Requirement:
Starting at the line that holds "Used 2024 Honda Civic Touring image 32", restate every line word for word up to and including the last one in the listing below, and omit all pictures.

Input records:

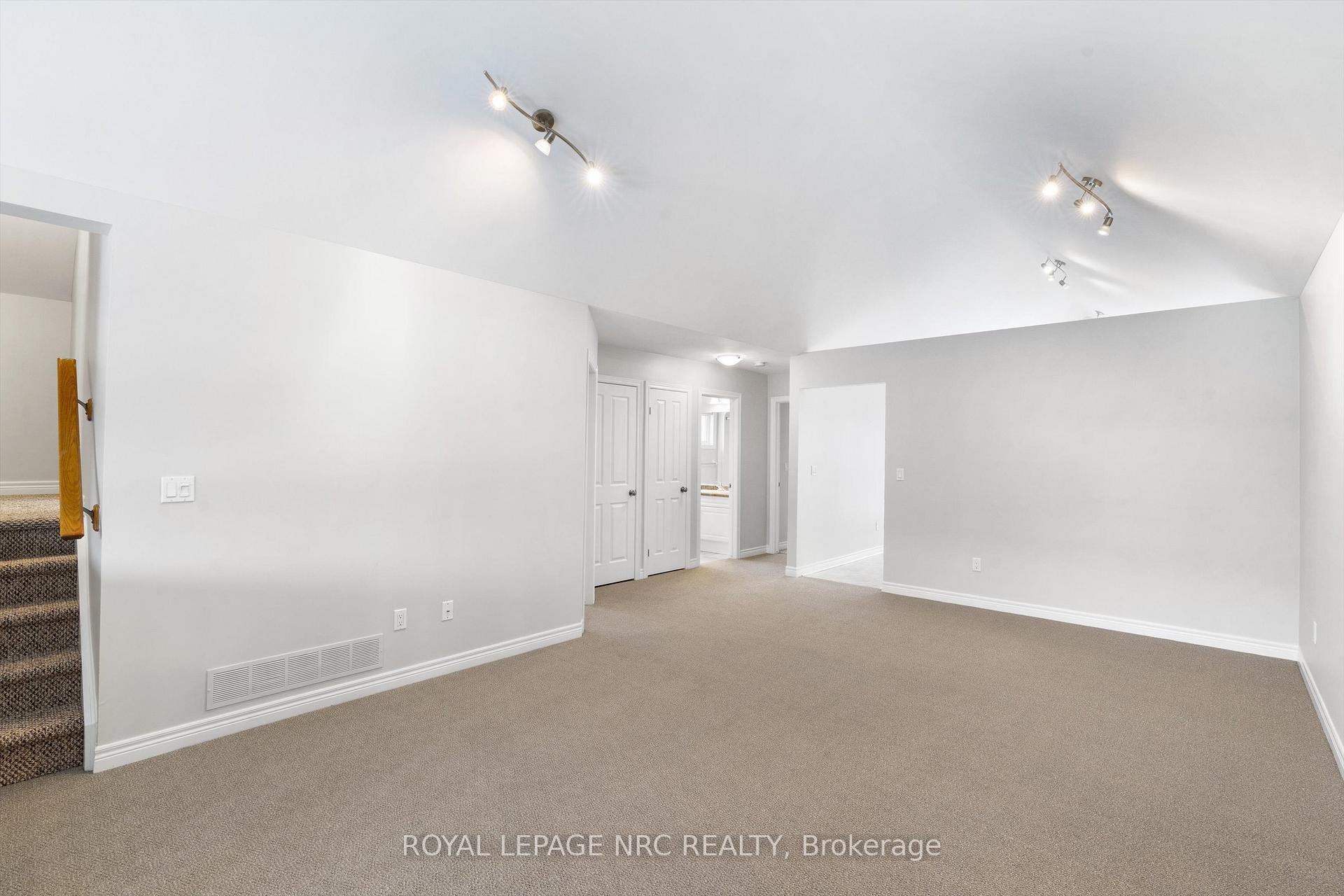 Photo 7 of 153 Winterberry Boulevard, Thorold, Confederation Heights — HOMEH
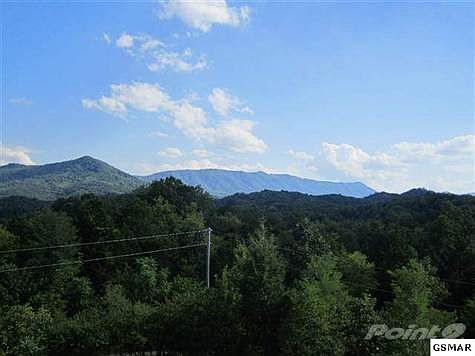 4th image of 306 Wooded Acres Ln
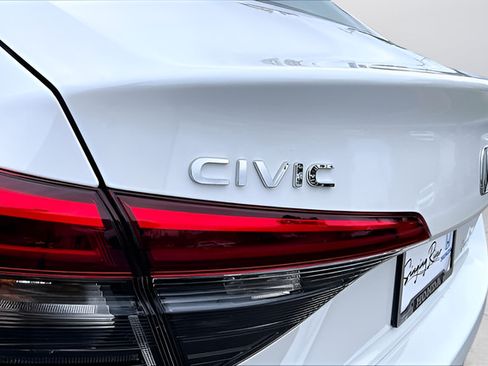 Used 2024 Honda Civic Touring image 32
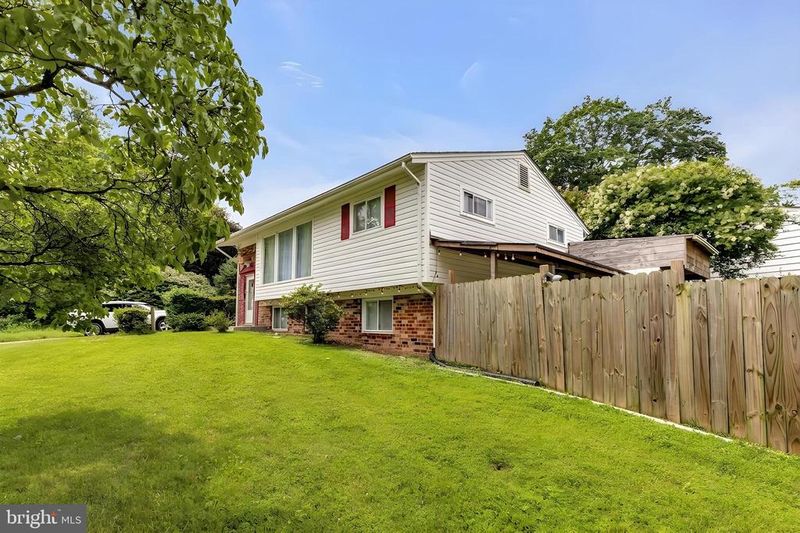 12812 Bushey Dr, Silver Spring, MD 20906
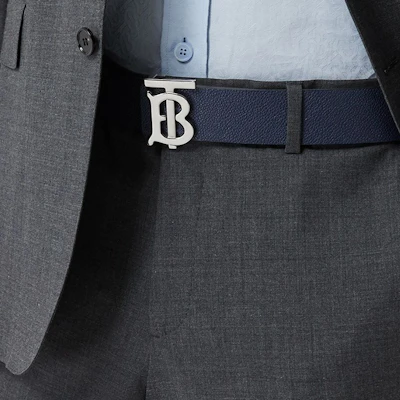 Burberry 可翻轉雙面藍色小牛皮腰帶3.5cm銀扣禮盒套裝 8043246 Purchase Burberry 可翻轉雙面藍色小牛皮腰帶3.5cm銀扣禮盒套裝 8043246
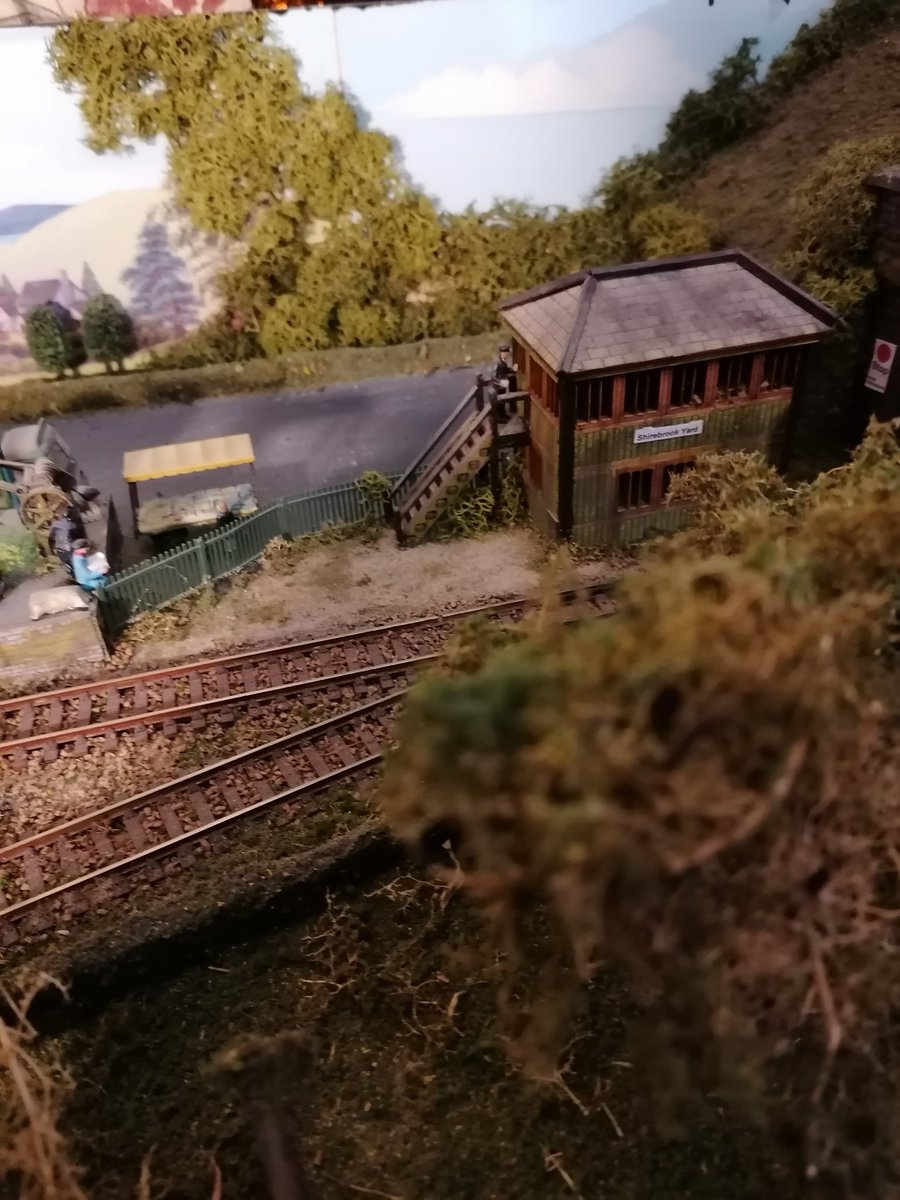 railwayimp's tweet photo. Fancy a starter layout? This one is now ready to go, country station, engine shed, DCC ready, £150. #railwayimp #microlayout https://t.co/bQZPC0KNsy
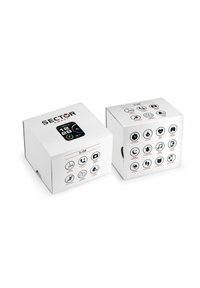 Scatole di imballaggio bianche etichettate "SECTOR Smart" con icone per funzionalità come frequenza cardiaca, cronometro, sonno e meteo. Include il modello S-08.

Result:
 Used 2024 Honda Civic Touring image 32
 12812 Bushey Dr, Silver Spring, MD 20906
 Burberry 可翻轉雙面藍色小牛皮腰帶3.5cm銀扣禮盒套裝 8043246 Purchase Burberry 可翻轉雙面藍色小牛皮腰帶3.5cm銀扣禮盒套裝 8043246
 railwayimp's tweet photo. Fancy a starter layout? This one is now ready to go, country station, engine shed, DCC ready, £150. #railwayimp #microlayout https://t.co/bQZPC0KNsy
 Scatole di imballaggio bianche etichettate "SECTOR Smart" con icone per funzionalità come frequenza cardiaca, cronometro, sonno e meteo. Include il modello S-08.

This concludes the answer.